Richard Murphy of the Tax Justice Network delivered this blog post as a speech - which I commend to you all -
http://www.taxresearch.org.uk/Blog/2010/11/06/the-demand-for-tax-justice/
As for the rest of it, it illustrated just how far the trade union element of the anti-cuts movement has to go.
There were:
- Senior trade union officers from various unions who delivered what felt like uninspiring although informative speeches
- SWP people talking about how 'orrible it's all going to be and coming out with lots of cliches from the 1980s
- Lots of middle-aged and older people
- About four people who appeared to be under the age of 30.
My points were:
- Could all of the speakers distill all of their points in their long speeches into about 30 seconds - only my generation and younger have the attention spans of fairies on sucrose and the X-Factor is on later so we've gotta hurry
- That's great about needing to show solidarity with the FBU and the RMT and all that, but how do we do it?
- What's a trade council?
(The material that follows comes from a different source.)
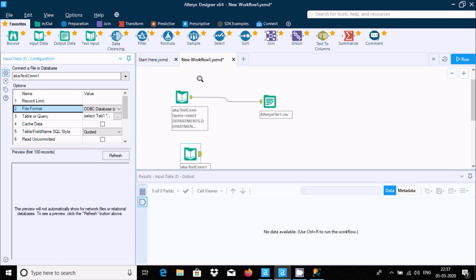This is the way we can connect Microsoft SQL Server with Alteryx. I hope this video is helpful for you. Thanks so much for watching — see you next week.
Many people across the country have become so politically disengaged that they barely know what a trade union is, let alone what a trade council is, let alone where their nearest one is and how to contact it
- To the lady who says that she's representing 100,000 workers in the sector she mentioned, do those 100,000 workers know that she's representing them?
- Lots of small local anti-cuts movements are already out there doing stuff - a la Vodaphone. What we don't need is some central committee authorising/giving permission for some protests and not others. It's not like "Stop the War" - the cuts will affect many people in infintesimally different ways to the extent that no committee could ever keep up with who is doing what
- Someone else has already started co-ordinating which protests are happening where (
http://anticuts.org.uk/). Don't try and re-invent the wheel. Far better to ask those local groups how "we" (the trade union movement) can support communities and local movements rather than the other way around
- Why were there no representatives from students? Any follow-up meeting should invite representatives from every university and college students union to the next meeting - if anything to give a sense of energy and urgency.
- Someone suggested we needed a coalition of the left to oppose the cuts. I said that it needed to go beyond that - and that we needed to drop some of the labels that carried baggage and that allow opponents to wrap those against the cuts in tight ribbon, pack them up and box them in the "socialist loon" shelf. Hence why Richard Murphy's post - and others similar are essential because they take the quantitative evidence out there and systematically deconstruct both the arguments against the cuts and also highlight the other options that do not appear to have been considered.